Try it: Write the records out again exactly, but without pictures.

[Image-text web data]
+++

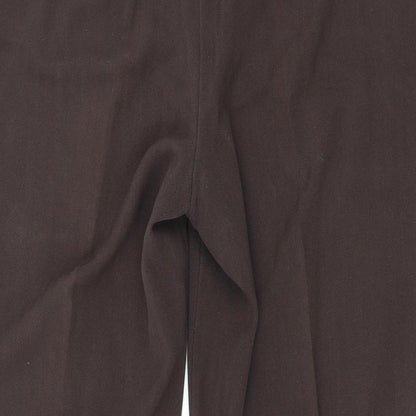 Brand and care label for Soon women’s brown trousers, size UK 14, 30.5-inch leg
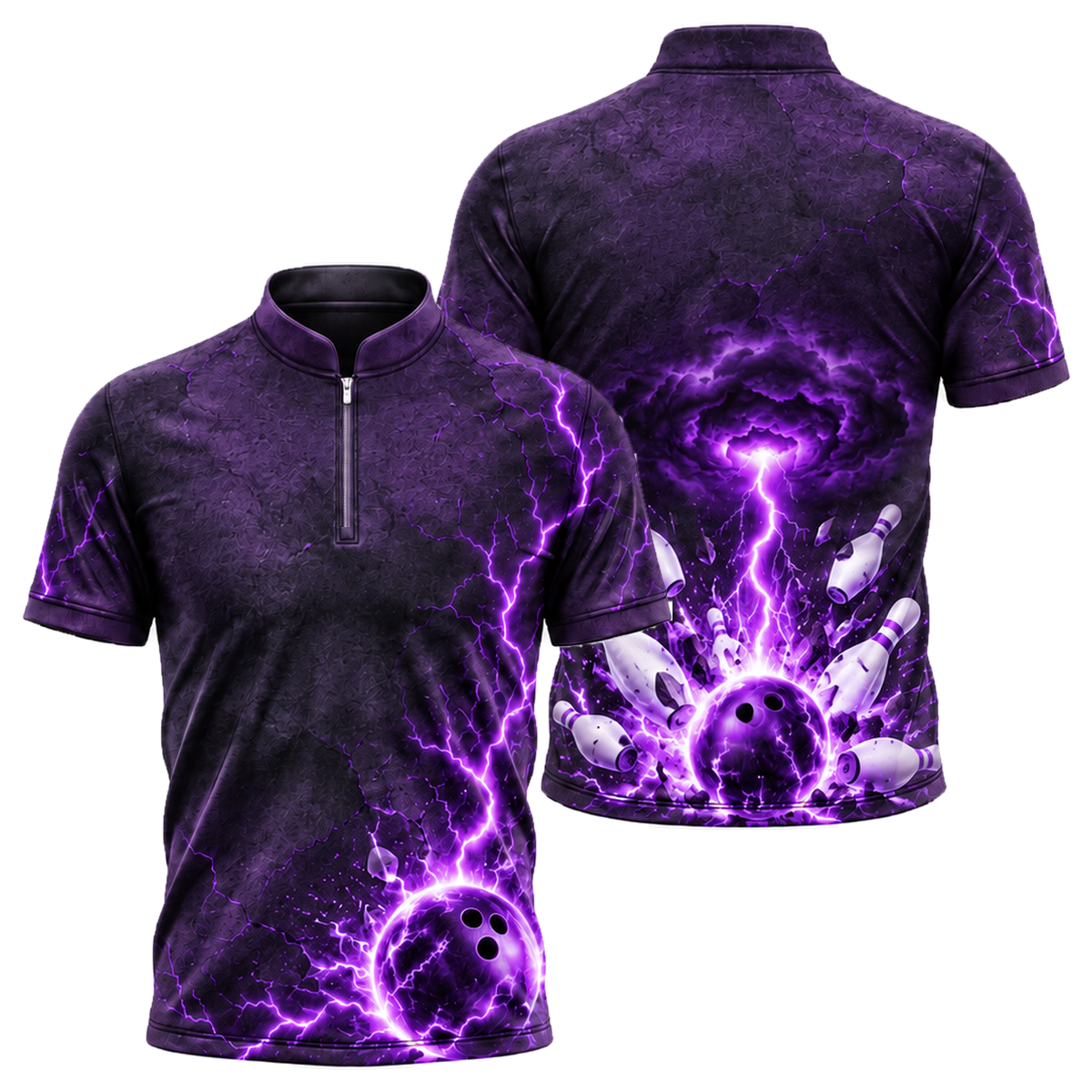 Voltage Veins Strike Bowling Jersey in Purple & Black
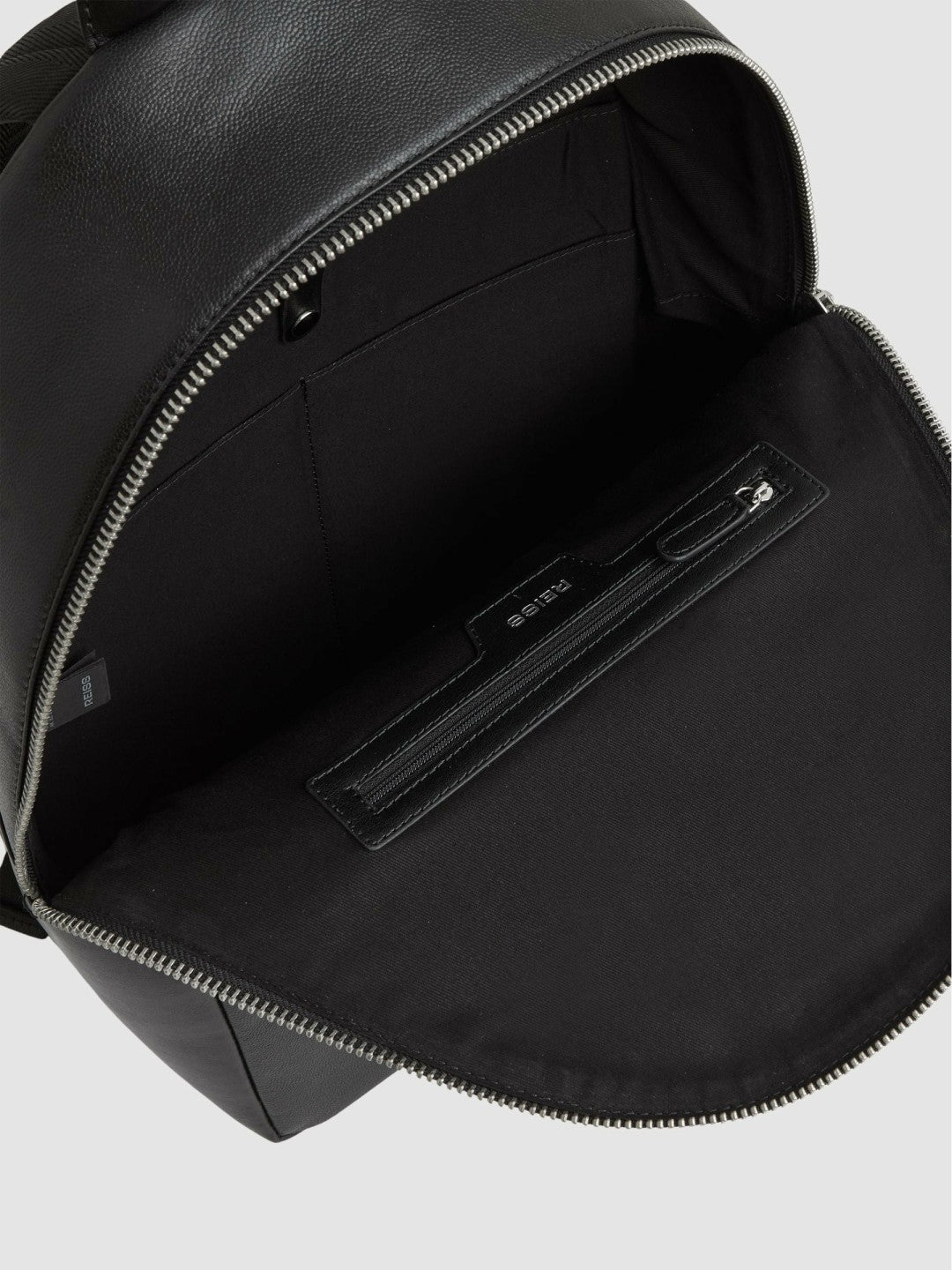 Reiss Best Seller - Micro-Grain Leather Backpack in Black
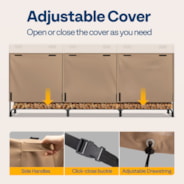 VIVOHOME 12ft Firewood Log Rack Cover, Heavy Duty 600D Oxford, Double Layer Outdoor Weather Resistant Fire Wood Storage Holder Cover with Zipper and Hook Loop Tape, Brown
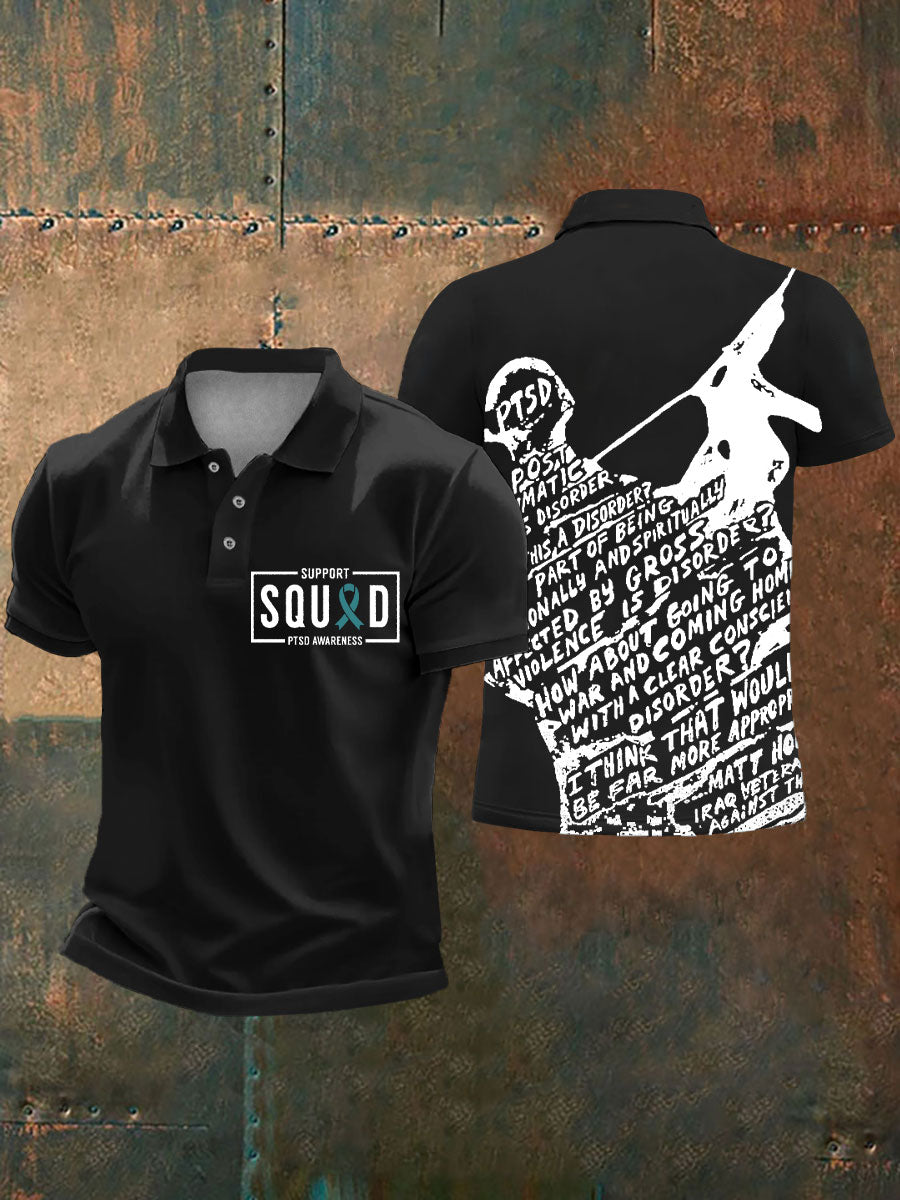 Men's PTSD Awareness Veteran Printed Casual Tops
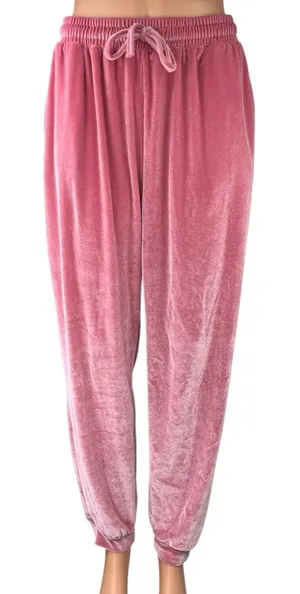 Coolrun Women's Pink Ombre Velour Velvet High Waisted Lounge Sweat Pants Size L thumbnail 1
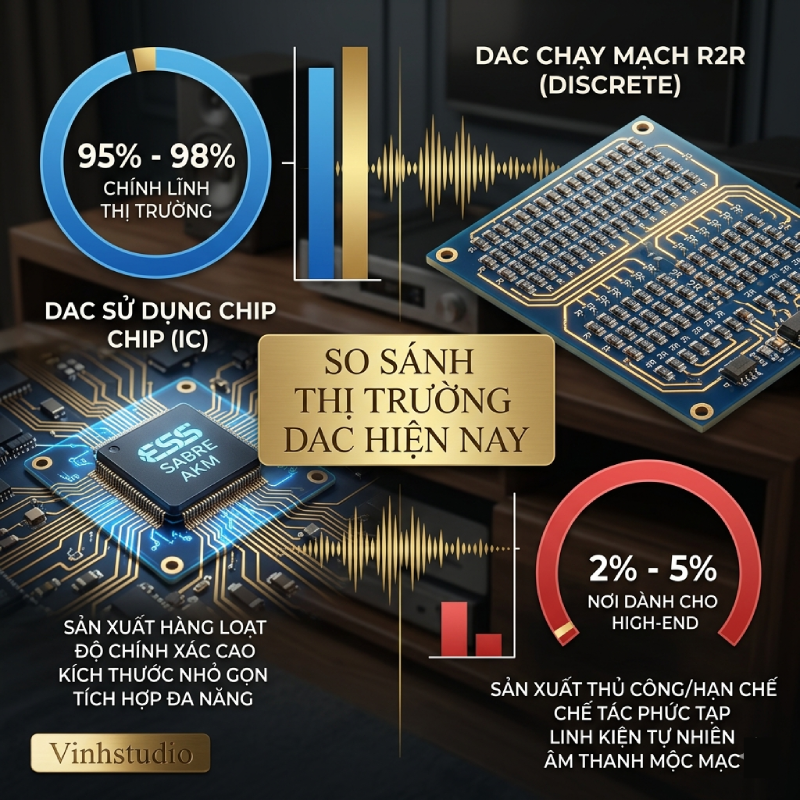 so sánh thị phần DAc sử dụng chip với công nghệ dac R2R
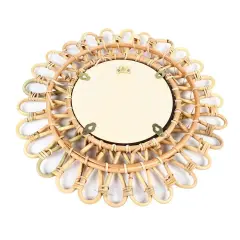 Vintage Handwoven Round Natural Rattan Wall Hanging Mirror For Home Decor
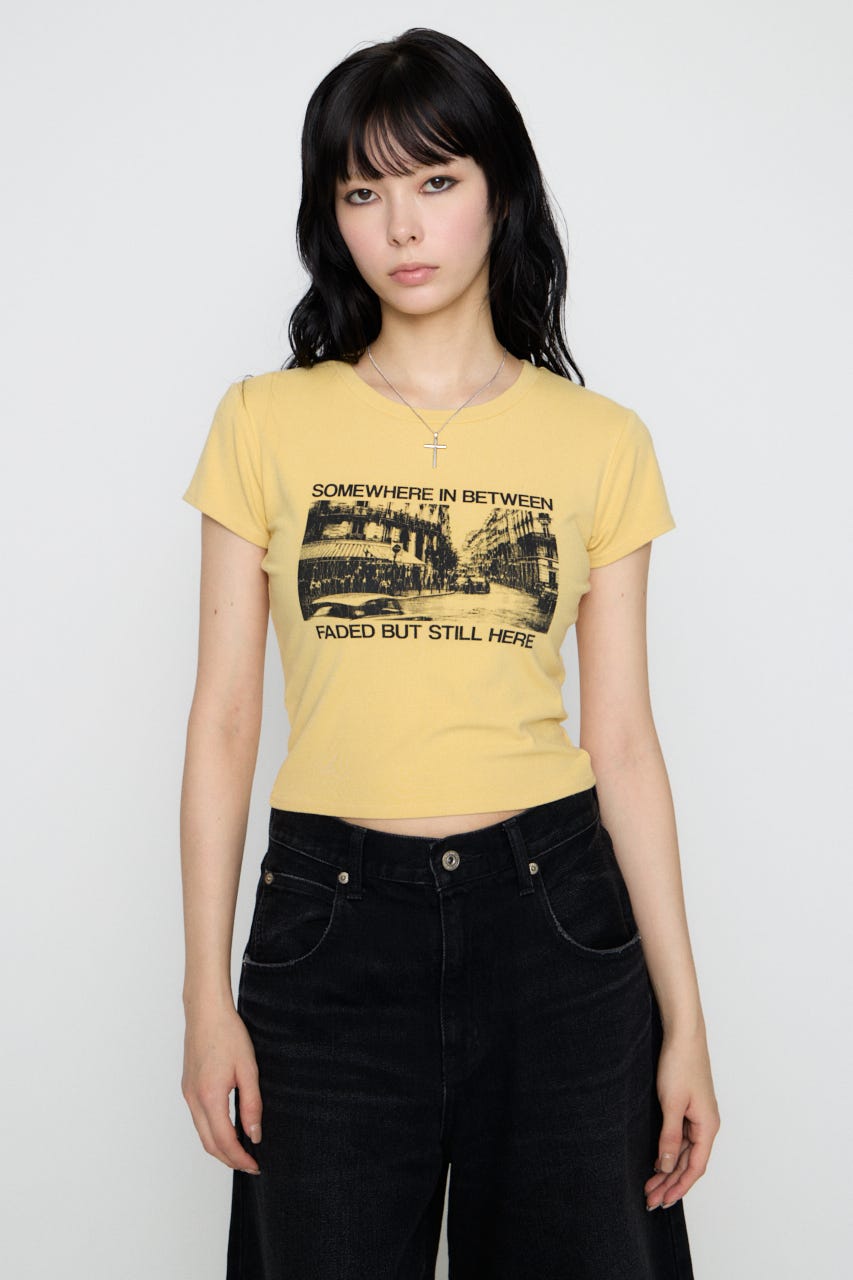 PHOTO PRINT CUT Tシャツ YEL FREE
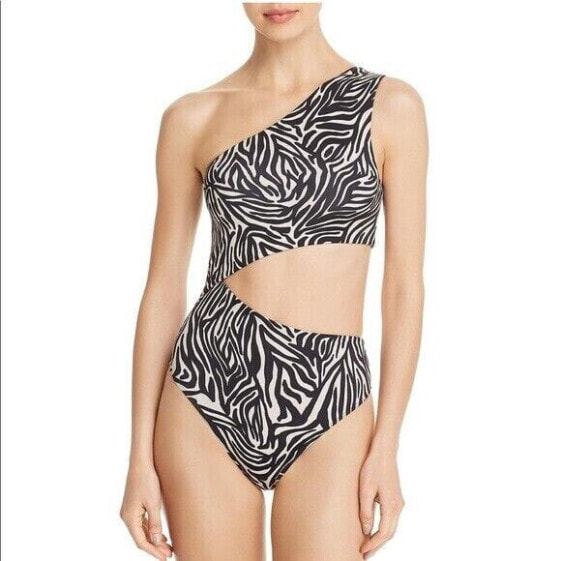 Beach Riot 259313 Women Celine One Piece Swimsuit Zebra Size Large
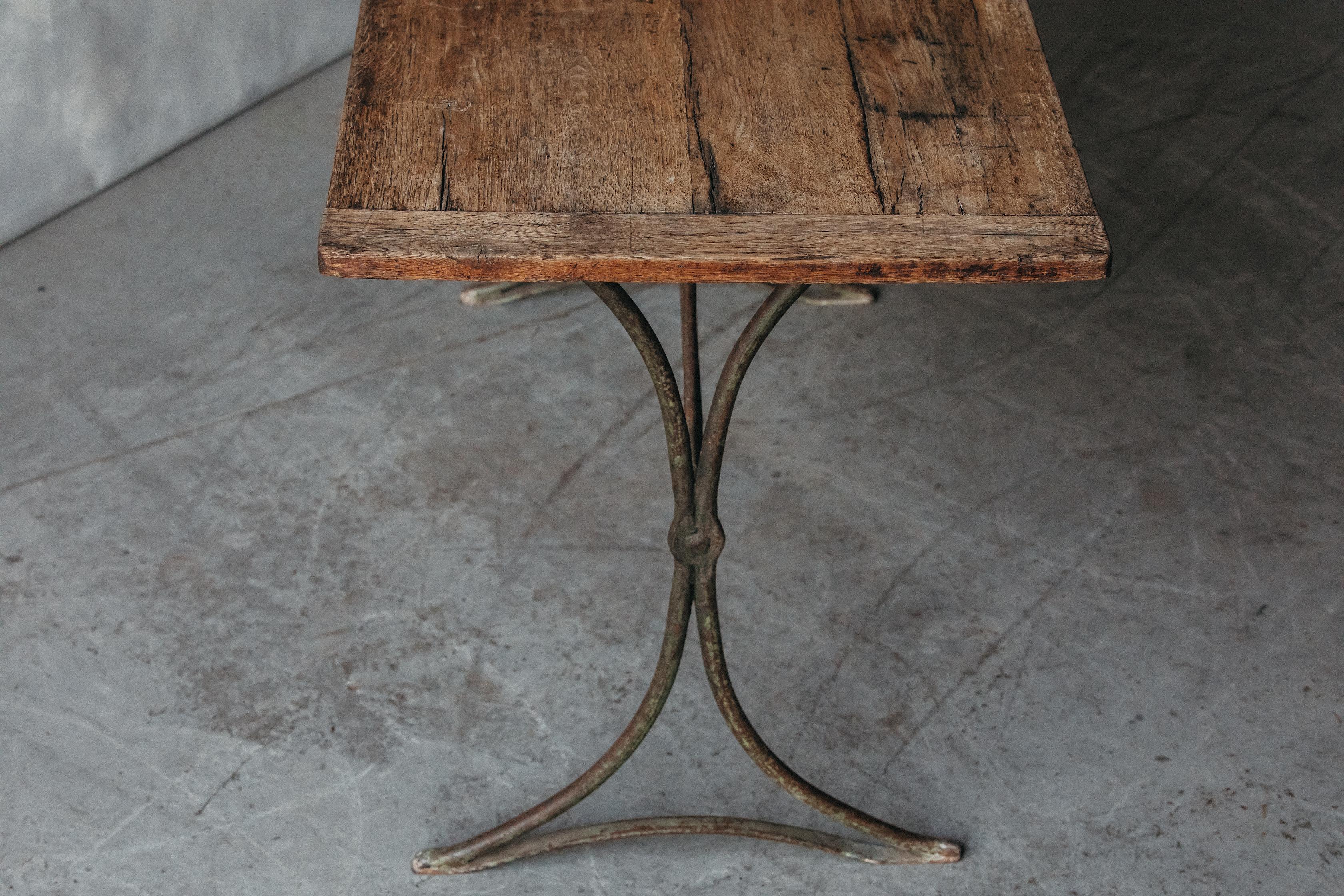 Mid-20th Century Vintage Oak Bistro Table from France, circa 1950 For Sale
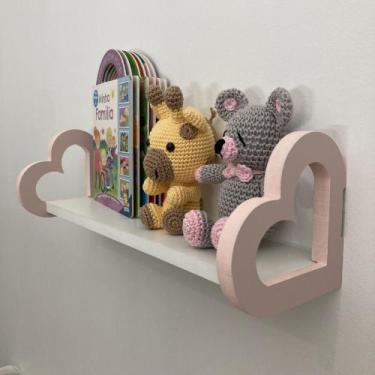 Imagem de Prateleira coração colorida quarto decoração infantil 60cm - Souvenir 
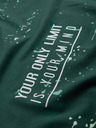 Ombre Clothing Herren-T-Shirt mit Aufdruck und Rundhalsausschnitt - grün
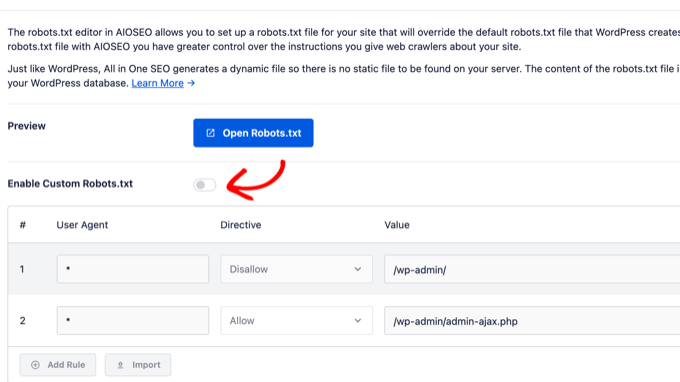 Habilitar el interruptor personalizado de robots.txt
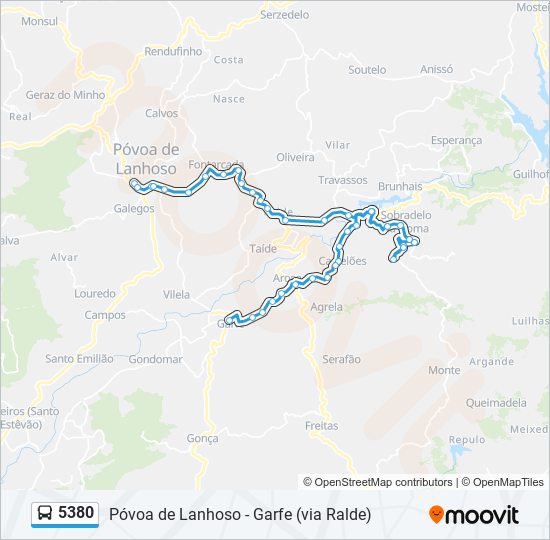 Mapa da linha do autocarro 5380.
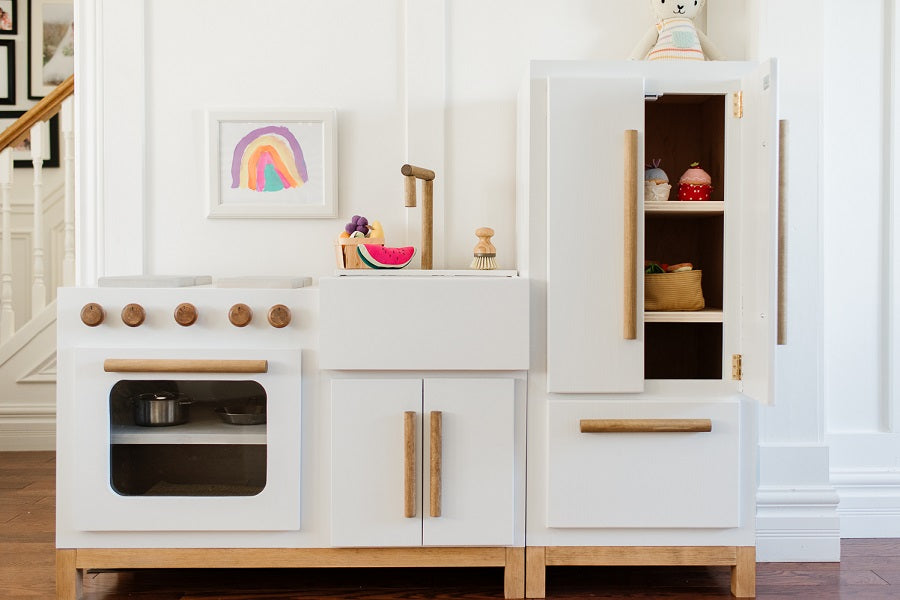 Handcrafted Modern Wooden Play Kitchen – Heirloom-Quality Kids' Kitchenette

+++

Result for this task:
 Brand and care label for Soon women’s brown trousers, size UK 14, 30.5-inch leg
 Voltage Veins Strike Bowling Jersey in Purple & Black
 Reiss Best Seller - Micro-Grain Leather Backpack in Black
 VIVOHOME 12ft Firewood Log Rack Cover, Heavy Duty 600D Oxford, Double Layer Outdoor Weather Resistant Fire Wood Storage Holder Cover with Zipper and Hook Loop Tape, Brown
 Men's PTSD Awareness Veteran Printed Casual Tops
 Coolrun Women's Pink Ombre Velour Velvet High Waisted Lounge Sweat Pants Size L thumbnail 1
 so sánh thị phần DAc sử dụng chip với công nghệ dac R2R
 Vintage Handwoven Round Natural Rattan Wall Hanging Mirror For Home Decor
 PHOTO PRINT CUT Tシャツ YEL FREE
 Beach Riot 259313 Women Celine One Piece Swimsuit Zebra Size Large
 Mid-20th Century Vintage Oak Bistro Table from France, circa 1950 For Sale
 Imagem de Prateleira coração colorida quarto decoração infantil 60cm - Souvenir 
 Ombre Clothing Herren-T-Shirt mit Aufdruck und Rundhalsausschnitt - grün
 Habilitar el interruptor personalizado de robots.txt
 Mapa da linha do autocarro 5380.
 Handcrafted Modern Wooden Play Kitchen – Heirloom-Quality Kids' Kitchenette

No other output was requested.